Captioned web image data
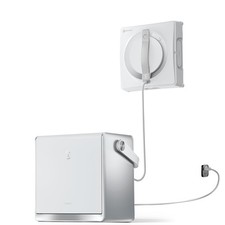 Ecovacs WINBOT W2 PRO OMNI EU Fensterputzroboter +Reinigungslösung Fensterputzer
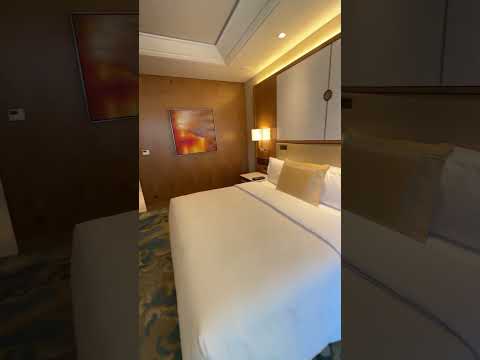 St Regis Macau Hotel Room With View of Cotai Strip #Shorts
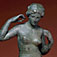 Statuette de femme nue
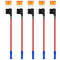 MuHize Fuse Tap Kit 5 Pack - Upgraded 12V Automotive Add-a-Circuit Taps, Locking Clip Adapter with 5A Blade Fuse for Car Truck SUV | Anti-Vibratio...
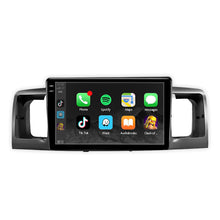 Toyota Corolla E120 / E130 (2000 - 2006) 9" Android Radio – Wireless Apple CarPlay & Android Auto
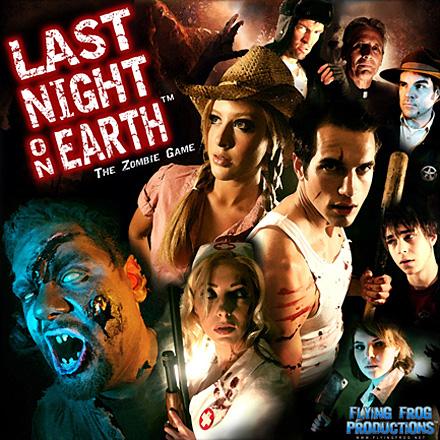Last Night on Earth - The Zombie Game Last Night on Earth - The Zombie Game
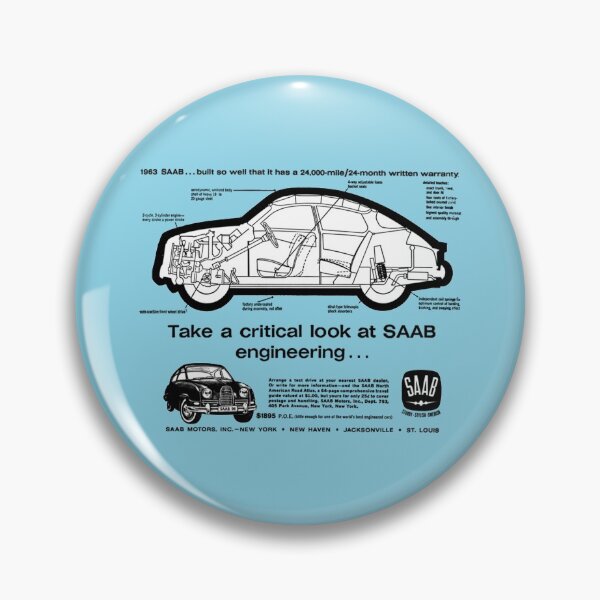 Item preview, SAAB 96  designed and sold by AllagashDesigns.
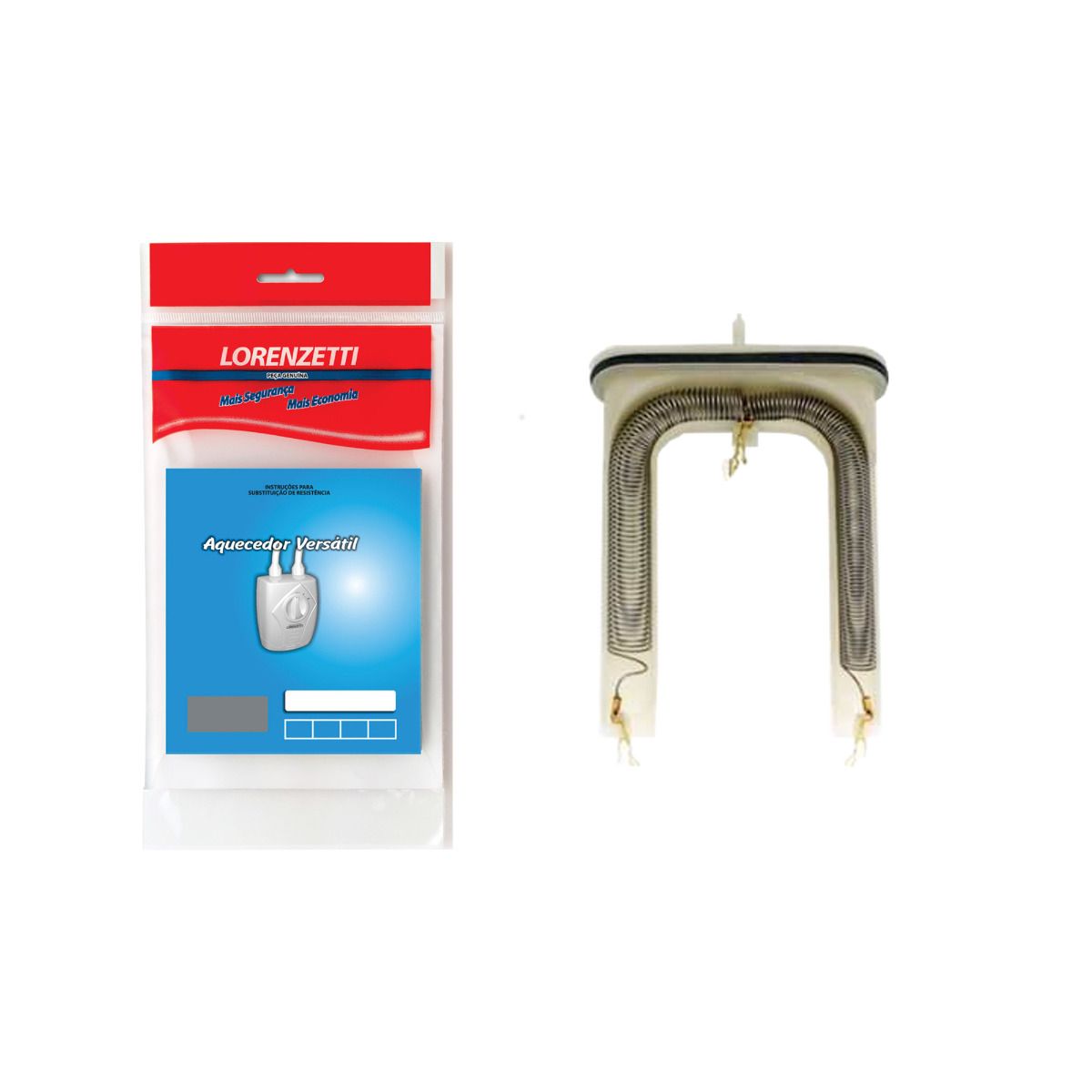RESISTENCIA PARA DUCHA HIGIÉNICA Y CALENTADOR VERSÁTIL 127V LORENZETTI 2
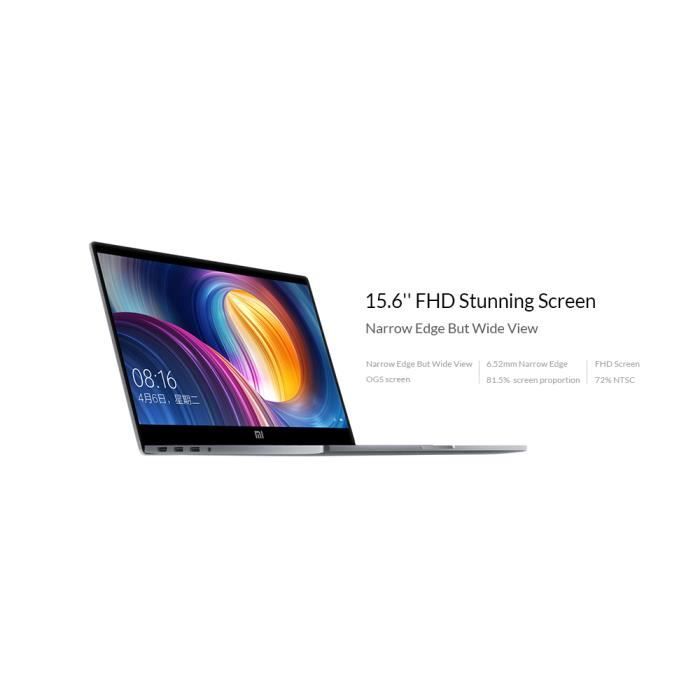 Xiaomi PC Ordinateur Portable Mi Notebook Pro2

**WORK ORDER:**
Every record must be set down again exactly; pictures do not belong in the copy.

**EXERCISE OUTPUT:**
 Ecovacs WINBOT W2 PRO OMNI EU Fensterputzroboter +Reinigungslösung Fensterputzer
 St Regis Macau Hotel Room With View of Cotai Strip #Shorts
 Statuette de femme nue
 MuHize Fuse Tap Kit 5 Pack - Upgraded 12V Automotive Add-a-Circuit Taps, Locking Clip Adapter with 5A Blade Fuse for Car Truck SUV | Anti-Vibratio...
 Toyota Corolla E120 / E130 (2000 - 2006) 9" Android Radio – Wireless Apple CarPlay & Android Auto
Last Night on Earth - The Zombie Game Last Night on Earth - The Zombie Game
 Item preview, SAAB 96  designed and sold by AllagashDesigns.
RESISTENCIA PARA DUCHA HIGIÉNICA Y CALENTADOR VERSÁTIL 127V LORENZETTI 2
 Xiaomi PC Ordinateur Portable Mi Notebook Pro2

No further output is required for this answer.